Her passion for Technology and Science started as a child when her father built her a Chemistry set15. She then went on to gain a bachelor's degree from Princeton University and a P.h.D. from the University of Southern California16.
After she graduated, she worked at AT&T Bell Laboratories, where she was employed for over three decades15. Whilst at AT&T Bell Laboratories she worked on digital communications. Almost half of her patents were for advancing Voice over Internet Protocol (VoIP) technologies. VoIP converts voice data into digital signals which can be transmitted over the internet. The advancements she made in this area were vital for remote audio and video conferencing16. Although with the amount of Zoom family quizzes we had to endure over lockdown, perhaps we should be less thankful for that one!
Her biggest achievement, however, has to be the technology she patented that allowed people to donate to charities and organisations through text messaging. She was inspired to create this technology in the aftermath of Hurricane Katrina and, through this technology a huge 43 million dollars was raised after the Haiti Earthquake17. She’s won multiple awards for this technology, including the 2013 Thomas Edison Patent Award16.
In 2014, she started as Vice President of the engineering group at Google14. Her responsibilities include increasing access to the internet in developing countries15. She is also a strong advocate for women and people of colour, working on racial justice in Google and encouraging girls and women in engineering17.
Alongside her 200+ patents, she’s also received many awards and accolades. Including being inducted into the National Inventors Hall of Fame and the National Academy of Engineers15.
Image source: University of Tennessee/Mark Dean
Mark Dean grew up in Jefferson City, Tennessee. During the 1950’s schools were becoming integrated, however, there was still segregation in certain facilities.
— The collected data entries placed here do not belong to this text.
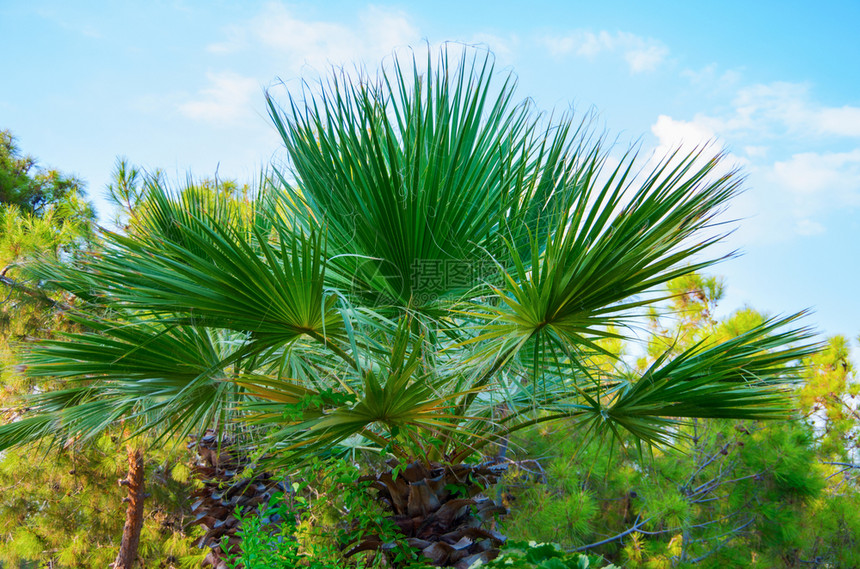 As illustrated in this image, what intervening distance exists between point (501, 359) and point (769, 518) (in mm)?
6065

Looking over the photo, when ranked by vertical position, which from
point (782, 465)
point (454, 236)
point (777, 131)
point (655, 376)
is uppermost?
point (777, 131)

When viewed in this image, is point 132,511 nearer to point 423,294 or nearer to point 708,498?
point 423,294

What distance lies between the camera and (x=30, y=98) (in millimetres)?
8688

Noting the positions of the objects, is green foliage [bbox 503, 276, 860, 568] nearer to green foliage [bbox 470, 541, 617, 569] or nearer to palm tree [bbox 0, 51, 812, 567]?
palm tree [bbox 0, 51, 812, 567]

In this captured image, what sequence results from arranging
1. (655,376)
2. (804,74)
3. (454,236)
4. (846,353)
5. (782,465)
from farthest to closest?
(846,353) → (782,465) → (804,74) → (454,236) → (655,376)

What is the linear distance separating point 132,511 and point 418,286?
17.7 ft

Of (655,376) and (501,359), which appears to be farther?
(655,376)

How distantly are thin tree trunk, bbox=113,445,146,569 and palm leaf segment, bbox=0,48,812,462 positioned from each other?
3.09 meters

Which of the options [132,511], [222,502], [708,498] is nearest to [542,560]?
[222,502]

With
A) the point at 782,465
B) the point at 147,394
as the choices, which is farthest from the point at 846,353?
the point at 147,394

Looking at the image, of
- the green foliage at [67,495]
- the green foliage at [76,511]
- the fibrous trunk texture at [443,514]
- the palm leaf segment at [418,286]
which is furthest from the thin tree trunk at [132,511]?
the fibrous trunk texture at [443,514]

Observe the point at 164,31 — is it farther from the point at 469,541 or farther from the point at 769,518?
the point at 769,518

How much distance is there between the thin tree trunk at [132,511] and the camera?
6.18 metres

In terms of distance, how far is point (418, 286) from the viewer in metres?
2.79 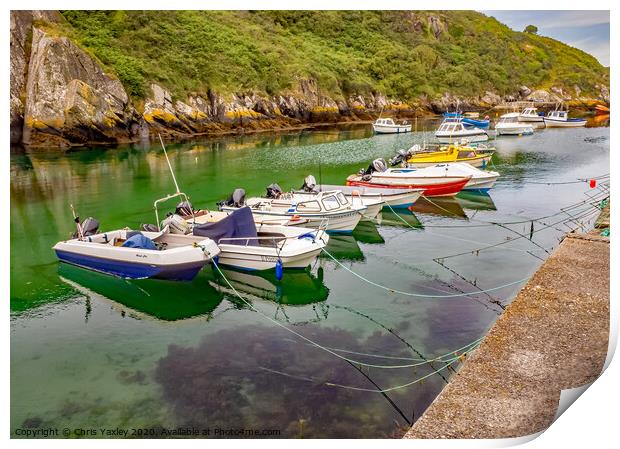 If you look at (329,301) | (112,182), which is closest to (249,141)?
(112,182)

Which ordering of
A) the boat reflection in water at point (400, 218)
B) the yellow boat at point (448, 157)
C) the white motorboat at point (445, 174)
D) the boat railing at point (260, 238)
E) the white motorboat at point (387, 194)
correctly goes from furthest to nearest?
the yellow boat at point (448, 157) < the white motorboat at point (445, 174) < the white motorboat at point (387, 194) < the boat reflection in water at point (400, 218) < the boat railing at point (260, 238)

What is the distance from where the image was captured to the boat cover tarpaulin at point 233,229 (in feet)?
49.9

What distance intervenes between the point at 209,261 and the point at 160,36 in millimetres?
42600

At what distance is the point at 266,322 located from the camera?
39.7 ft

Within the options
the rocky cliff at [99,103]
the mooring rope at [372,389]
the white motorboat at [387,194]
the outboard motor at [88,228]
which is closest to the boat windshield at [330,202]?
the white motorboat at [387,194]

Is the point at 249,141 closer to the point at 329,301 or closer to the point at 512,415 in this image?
the point at 329,301

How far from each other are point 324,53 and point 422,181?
49220 mm

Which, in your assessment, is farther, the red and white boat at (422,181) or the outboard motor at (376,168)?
the outboard motor at (376,168)

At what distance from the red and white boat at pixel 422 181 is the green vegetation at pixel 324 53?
12256 mm

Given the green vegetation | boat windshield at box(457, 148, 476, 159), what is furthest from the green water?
the green vegetation

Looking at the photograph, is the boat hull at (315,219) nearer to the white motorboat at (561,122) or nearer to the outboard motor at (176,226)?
the outboard motor at (176,226)

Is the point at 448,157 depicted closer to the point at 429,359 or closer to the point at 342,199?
the point at 342,199

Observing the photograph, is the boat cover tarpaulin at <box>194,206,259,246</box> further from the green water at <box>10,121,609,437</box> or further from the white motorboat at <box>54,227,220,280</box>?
the green water at <box>10,121,609,437</box>

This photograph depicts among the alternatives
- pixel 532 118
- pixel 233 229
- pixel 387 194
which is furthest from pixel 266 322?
pixel 532 118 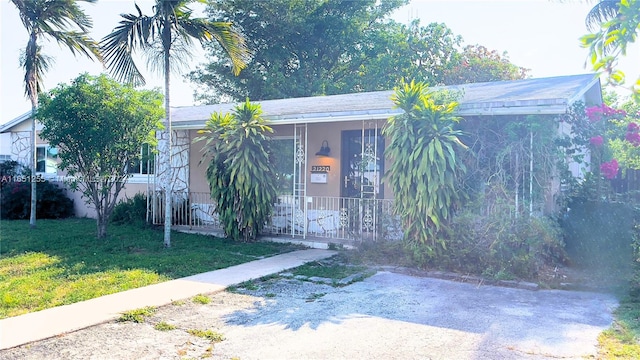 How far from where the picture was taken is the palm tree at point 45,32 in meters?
11.1

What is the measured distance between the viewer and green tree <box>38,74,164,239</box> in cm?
872

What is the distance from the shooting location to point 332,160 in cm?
990

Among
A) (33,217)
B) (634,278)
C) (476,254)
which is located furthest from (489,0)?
(33,217)

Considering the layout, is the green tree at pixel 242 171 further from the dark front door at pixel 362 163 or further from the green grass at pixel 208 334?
the green grass at pixel 208 334

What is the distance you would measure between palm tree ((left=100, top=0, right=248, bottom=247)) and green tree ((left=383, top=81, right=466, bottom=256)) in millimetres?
3788

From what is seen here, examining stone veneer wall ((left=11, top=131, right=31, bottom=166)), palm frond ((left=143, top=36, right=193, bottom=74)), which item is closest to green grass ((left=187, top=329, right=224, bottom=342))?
palm frond ((left=143, top=36, right=193, bottom=74))

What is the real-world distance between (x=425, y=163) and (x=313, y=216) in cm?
387

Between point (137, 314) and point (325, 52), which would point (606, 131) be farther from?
point (325, 52)

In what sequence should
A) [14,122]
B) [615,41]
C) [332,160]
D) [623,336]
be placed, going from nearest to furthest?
[615,41]
[623,336]
[332,160]
[14,122]

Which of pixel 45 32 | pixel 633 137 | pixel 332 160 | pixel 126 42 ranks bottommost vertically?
pixel 332 160

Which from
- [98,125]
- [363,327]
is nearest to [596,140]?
[363,327]

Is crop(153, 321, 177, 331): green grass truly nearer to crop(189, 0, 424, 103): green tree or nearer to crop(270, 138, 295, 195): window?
crop(270, 138, 295, 195): window

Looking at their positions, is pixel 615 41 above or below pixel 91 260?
above

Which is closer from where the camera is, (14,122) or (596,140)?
(596,140) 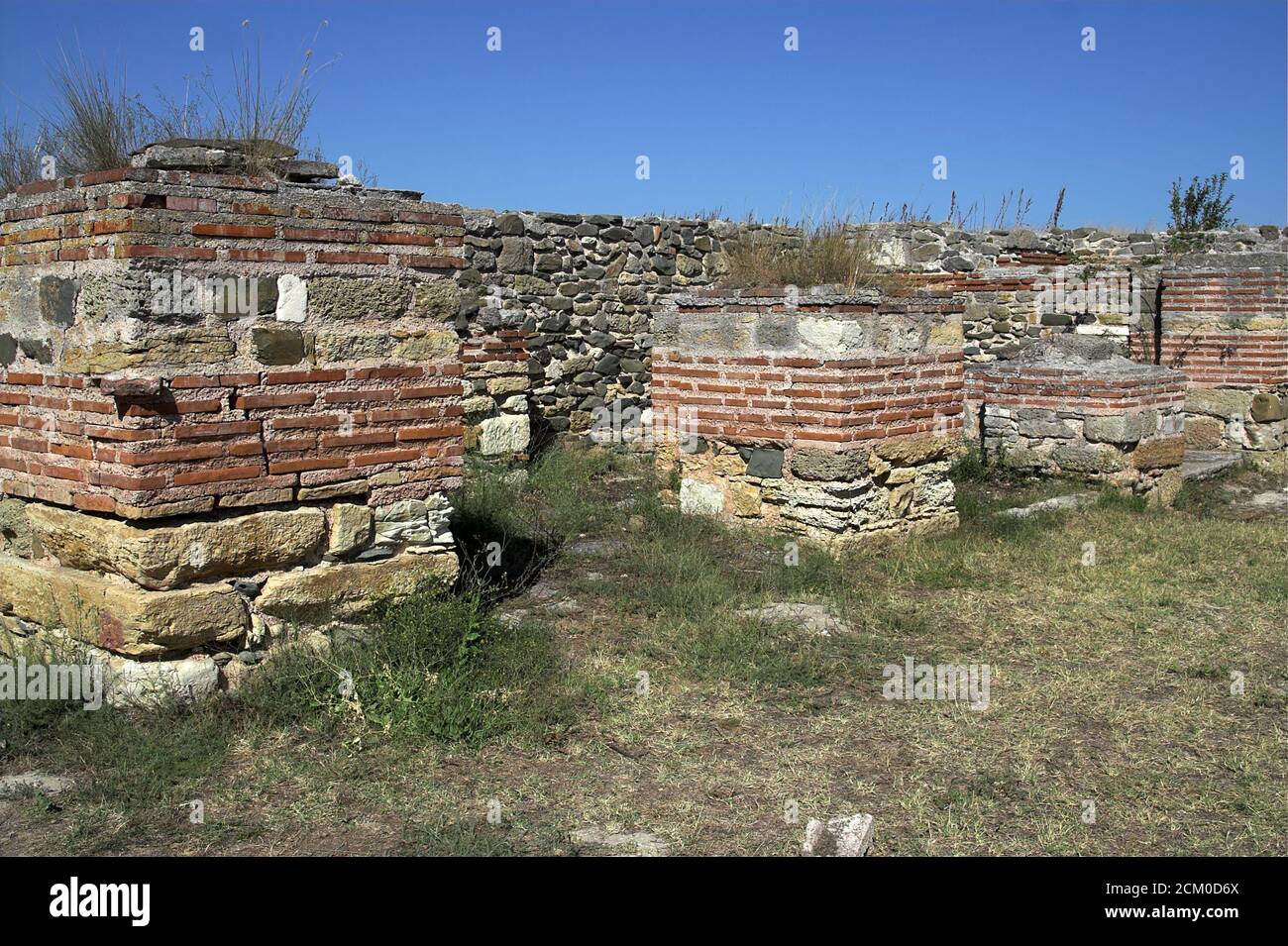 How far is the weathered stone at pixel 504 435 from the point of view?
9.48 meters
This led to civil unrest and it was actually in Tennessee in 1968, that Martin Luther King was assassinated.
However, Mark Dean didn’t see this prejudice as a setback, he in fact used it as motivation:
“Adversity and prejudice are a fact of life for any minority component of a population, but can be overcome by staying confident in yourself and your abilities,” said Dean. “Confronting prejudice and making people aware of the prejudiced situation or behavior will either educate the unaware, expose your strength of character, and/or create a dialogue that puts you in a leadership position."18
Mark Dean's passion for technology started in high school, where he built his own computer, radio, and amplifier19. He excelled in Computer Science and gained a bachelor’s degree, a master’s degree, and a P.h.D. in the subject.
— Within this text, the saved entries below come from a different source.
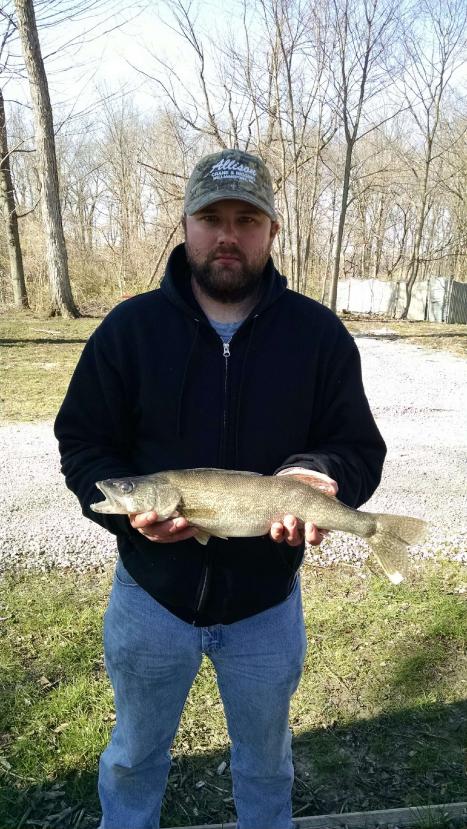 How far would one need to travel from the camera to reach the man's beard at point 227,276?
2.29m

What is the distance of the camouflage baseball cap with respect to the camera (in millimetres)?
2285

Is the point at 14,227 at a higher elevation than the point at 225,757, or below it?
higher

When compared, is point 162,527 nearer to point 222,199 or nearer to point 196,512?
point 196,512

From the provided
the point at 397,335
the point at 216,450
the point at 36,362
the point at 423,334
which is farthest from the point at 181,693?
the point at 423,334

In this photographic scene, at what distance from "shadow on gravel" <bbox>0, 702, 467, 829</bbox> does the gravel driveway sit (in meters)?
1.64

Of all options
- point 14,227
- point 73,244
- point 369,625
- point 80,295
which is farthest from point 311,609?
point 73,244

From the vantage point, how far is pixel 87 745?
2.93 meters

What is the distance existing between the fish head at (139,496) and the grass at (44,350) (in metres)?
6.38

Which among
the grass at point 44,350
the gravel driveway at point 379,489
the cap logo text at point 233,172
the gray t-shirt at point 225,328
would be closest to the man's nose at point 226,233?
the cap logo text at point 233,172

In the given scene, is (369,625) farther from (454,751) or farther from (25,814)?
(25,814)

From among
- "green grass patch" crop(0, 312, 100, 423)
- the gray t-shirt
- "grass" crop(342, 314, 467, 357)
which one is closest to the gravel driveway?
"green grass patch" crop(0, 312, 100, 423)

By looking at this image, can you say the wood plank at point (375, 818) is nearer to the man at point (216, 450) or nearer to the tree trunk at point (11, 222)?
the man at point (216, 450)

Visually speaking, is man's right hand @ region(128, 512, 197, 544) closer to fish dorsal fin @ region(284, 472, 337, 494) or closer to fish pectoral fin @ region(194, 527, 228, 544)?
fish pectoral fin @ region(194, 527, 228, 544)

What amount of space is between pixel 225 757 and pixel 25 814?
934 millimetres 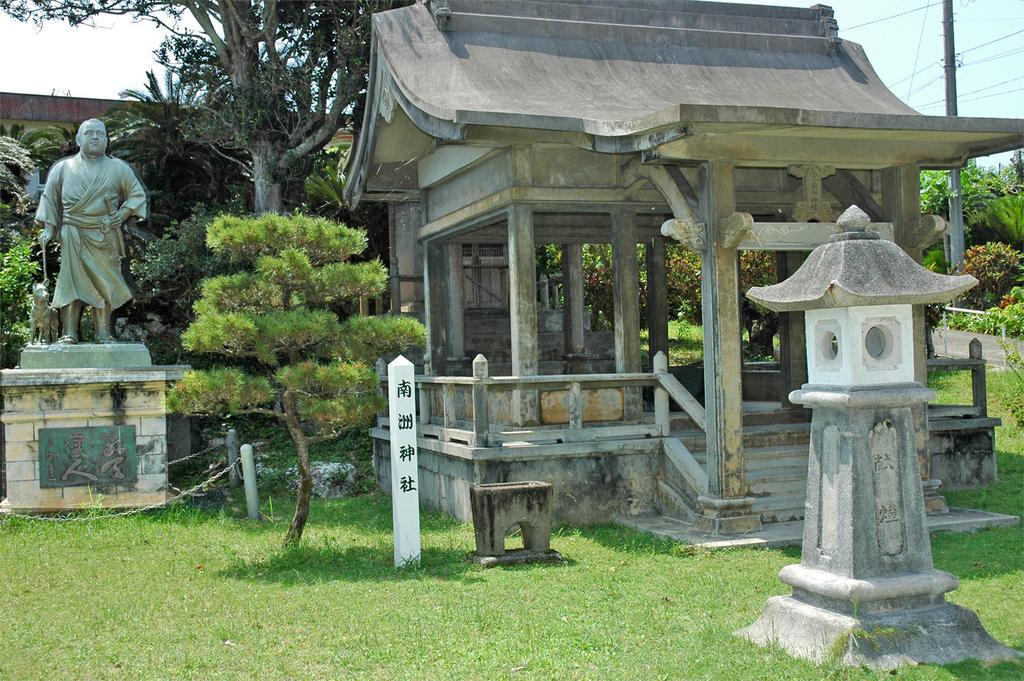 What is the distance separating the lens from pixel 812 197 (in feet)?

In 1980, he started working at IBM and co-created the IBM personal computer, holding three of the original nine PC patents. He was also instrumental in developing the ISA bus, which enables multiple devices to connect to a computer at one time, and the colour monitor.
His achievements in the tech industry have not gone unnoticed and in 1996, he became the first-ever black IBM Fellow, which is the highest honour a scientist, programmer, or engineer can achieve at the company20. A year later, he was honored with the Black Engineer of the Year President's Award and was inducted into the National Inventors Hall of Fame21. And, in 2001, he was elected as a member of the National Academy of Engineering for innovative and pioneering contributions to PC development22.
These incredible people were born at a time where there were laws in place that actually stopped them having the same rights as their white counterparts. And whilst there are now laws in place (both here and in the US) to prevent people from being discriminated against because of their race, unfortunately, black people are still discriminated against. Whilst the five people listed above were all employed by large well known tech companies, and Roy L. Clay was a significant figure in Silicon Valley, unfortunately the tech industry is still not very diverse and is less diverse than other STEM industries. In America, black people make up 7% of people who work in tech and it’s even worse for black women who, although account for 16% of the US population, only represent 4% of tech roles. Looking at Silicon Valley specifically, black people make up 8.8% of Google’s workforce, 3.9% of Facebook’s and 4.9% of Microsoft’s.23
In the UK, it’s much harder to get accurate data about black people in the tech industry. That’s because black representation numbers are grouped under BAME (Black, Asian and Minority Ethnic), which has been widely criticised. Tech is a very good example of why grouping data under BAME numbers is problematic as Asian workers are actually overrepresented in the tech industry – they make up 17% of the tech workforce, yet in England and Wales they only make up 7.5% of the population.24
The UK Tech Workplace Equality Report by Hired25 shows just how underrepresented black workers are within the industry. The respondents of this report were mostly based in London, and in London 13% of the population define themselves as black, however, in the report a shocking 3% of the respondents were black.
This data makes it sound very bleak, however, things are moving in the right direction. The majority of companies in the tech industry recognise that there is an issue and are actively committed to improving diversity and creating more inclusive workplaces. Let’s just hope that with this awareness and the initiatives that they’re putting in place that in the future these reports will be much more positive.